Ce sont ces mêmes jeunes existences en herbe, incertaines et fragiles, boutons de printemps confrontés déjà et sans être jamais abîmés, aux violences quotidiennes d’une société où les dits Français et Blancs restent sourdement dominateurs moraux…
Ces jeunes gens, même s’ils ressentent la brutalité cassante et humiliante des rapports sociaux, n’en restent évidemment pas à ce constat réducteur, heureusement mis à mal par une société nouvelle qui s’ouvre et s’enrichit de toutes les différences. Le brassage des populations est irréversible : c’est un beau combat contre la sclérose sociale, l’incapacité d’un pays ou d’une population à évoluer et à s’adapter aux situations nouvelles par manque de dynamisme, repliement sur soi, vieillissement, et peur de l’autre.
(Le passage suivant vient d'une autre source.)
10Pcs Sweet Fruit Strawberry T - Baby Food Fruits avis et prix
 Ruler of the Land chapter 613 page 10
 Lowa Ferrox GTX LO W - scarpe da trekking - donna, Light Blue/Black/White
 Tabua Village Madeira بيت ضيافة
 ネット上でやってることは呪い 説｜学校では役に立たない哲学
Tous, filles ou garçons, petits ou grands, minces ou ronds, égrènent leurs origines diverses, algériennes, marocaines, tunisiennes, maliennes, comoriennes. Mais très peu disent qu’ils sont français, par respect peut-être pour leurs origines et dans le refus symbolique de trahir leurs parents; l’un d’eux choisit même de se dire seulement Africain… sans même évoquer son pays.
Ils sont tous là, conscients de leur corps et de leur être, face au public qu’ils regardent à la fois avec timidité et assurance, assis sagement sur une rangée de chaises, puis se levant à tour de rôle, ou se lançant chacun ou collectivement, sur une musique, dans une danse effrénée qui libère leur énergie. Et ce temps de mobilité du corps est plein de grâce.
Un jeune évoque son engagement politique pour, dit-il, améliorer les relations humaines. Et on entend les aveux intimes de certains et qui leur font mal, tant ils exigent d’efforts sur soi. Ils auraient sans doute pu ne pas être offerts à un public. Cela mis à part, grâce à Didier Ruiz, le travail de ces jeunes qui ont peu de temps derrière eux mais beaucoup devant eux est attachant: « ils ont des centaines d’années comme tout le monde », écrivait Marguerite Duras.
Ils nous ressemblent tous… à moins que ce ne soit nous qui leur ressemblions.
Véronique Hotte
Ateliers Berthier – Odéon-théâtre de l’Europe, le 14 juin.